Di mana penerimaan aktual sektor pertanian sebesar Rp 252 milyar, terdapat selisih Rp 32 milyar dengan nilai analisis optimal yang diperoleh melalui metode
pemrograman linear, yaitu sebesar Rp 284 milyar. Artinya, produksi sektor pertanian, masih dapat terus ditingkatkan sampai nilai optimal tersebut.

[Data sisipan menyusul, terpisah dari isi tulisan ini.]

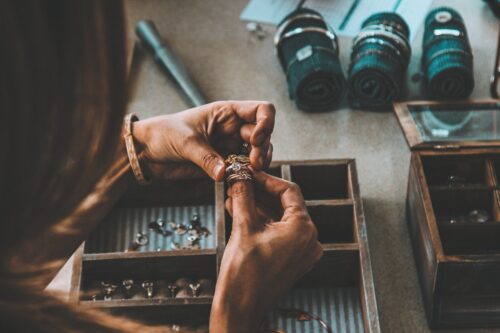 Fabrication artisanale de bijoux de haute fantaisie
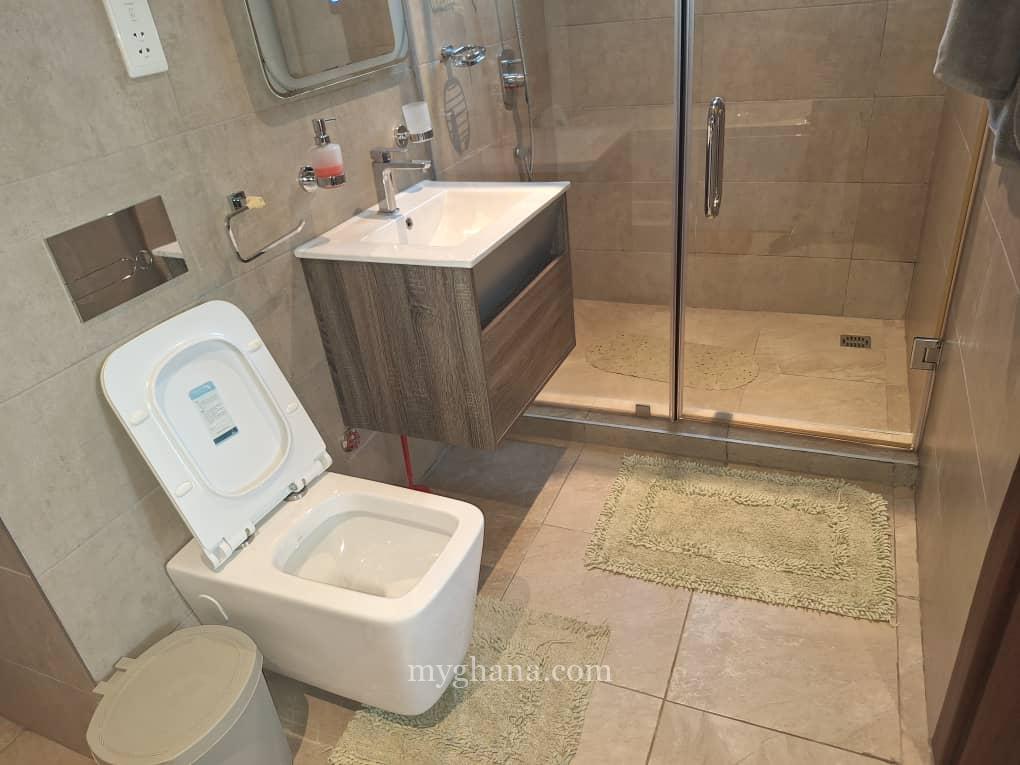 Furnished 3 bedroom penthouse to let at East Legon near Mensvic Hotel, Acc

Tjitroresmi 2003 melakukan penelitian tentang strategi pemasaran dan pengembangan bisnis udang untuk pasar ekspor dengan menggunakan metode
Analytical Hierarcy Process AHP dan Strenght Weakness Opportunities Threats SWOT. Dari hasil analisis dengan menggunakan AHP, makin tinggi nilai tukar
mata uang maka akan dipilih sebagai negara tujuan ekspor. Dari segi pemasaran hasil menunjukkan bahwa Indonesia yang sebelumnya merupakan negara
eksportir utama di Asia untuk pasaran dunia, beberapa tahun terakhir ini mendapat
pesaing dari negara lain yang teknologi penangkapan maupun budidayanya cenderung meningkat. Berdasarkan analisis SWOT, maka potensi sumberdaya
laut yang dimiliki serta penguasaan teknologi untuk kegiatan penangkapan maupun budidaya tambak udang merupakan kekuatan untuk dapat meraih peluang
pasar dunia yang masih cukup menjanjikan keuntungan. Hafizrianda 2005 menganalisis peranan sektor ekonomi berbasis
pertanian dalam distribusi pendapatan regional di Propinsi Papua. Penelitian ini menggunakan SNSE, peranan sektor pertanian pada distribusi pendapatan nominal
di Papua sangat menonjol. Sektor yang berbasis pertanian seperti tanaman, perikanan dan kehutanan berkontribusi pada net multiplier masing-masing sebesar
0,37, 0,31, dan 0,31. Walaupun peran sektor pertanian tinggi di Papua, tapi sektor ini tidak memberikan pengaruh yang positif pada perubahan distribusi pendapatan
rumah tangga. Berdasarkan analisis redistribusi pendapatan SNSE, sektor ini memberikan pengaruh yang merugikan bagi mekanisme distribusi pendapatan
rumah tangga. Anggar 2006 menganalisis peranan sektor pariwisata terhadap
perekonomian Indonesia dengan menggunakan pendekatan SNSE. Peneliti menganalisis tentang distribusi pendapatan pada faktor produksi, institusi, dan
sektor produksi akibat adanya perubahan pengeluaran wisatawan mancanegara serta akibat dari adanya kebijakan peningkatan anggaran promosi sektor
pariwisata dalam Anggaran Pengeluaran dan Belanja Negara. Hasil analisis menunjukkan bahwa dengan adanya peningkatan konsumsi wisatawan
mancanegara pada tahun 2005 akan peningkatan nilai tambah faktor produksi,
institusi, dan sektor produksi masing-masing sebesar Rp 3.299,44 milyar, Rp 2.769,70 milyar, dan Rp 6.592,95 milyar. Peningkatan anggaran promosi sektor
pariwisata juga meningkatkan nilai tambah faktor produksi institusi, dan sektor produksi dengan masing-masing peningkatan sebesar Rp 2.373,66 milyar, Rp
2.455,82 milyar, dan Rp 4.651,28 milyar. Pada penelitian ini, yang akan diteliti adalah lima sub sektor pertanian
yaitu sub sektor tanaman pangan, sub sektor tanaman lainnya, sub sektor peternakan dan hasil-hasil lainnya, sub sektor kehutanan dan perburuan, dan sub
sektor perikanan karena dari segi Produk Domestik Bruto merupakan sektor yang memberikan kontribusi terhadap pertumbuhan ekonomi ketiga terbesar setelah
sektor industri dan sektor perdagangan, hotel dan restoran. Oleh karena itu peneliti akan membahas simulasi peningkatan ekspor sebesar 20 persen yang terjadi pada
kelima sub sektor tersebut. Penelitian ini mempunyai perbedaan dengan penelitian-penelitian lain yaitu akan dilakukan penelitian dengan meningkatkan
ekspor sektor pertanian secara keseluruhan lima sub sektor, selain itu belum ada peneliti lain yang meneliti kenaikan ekspor sektor pertanian dengan menggunakan
metode Sistem Neraca Sosial Ekonomi.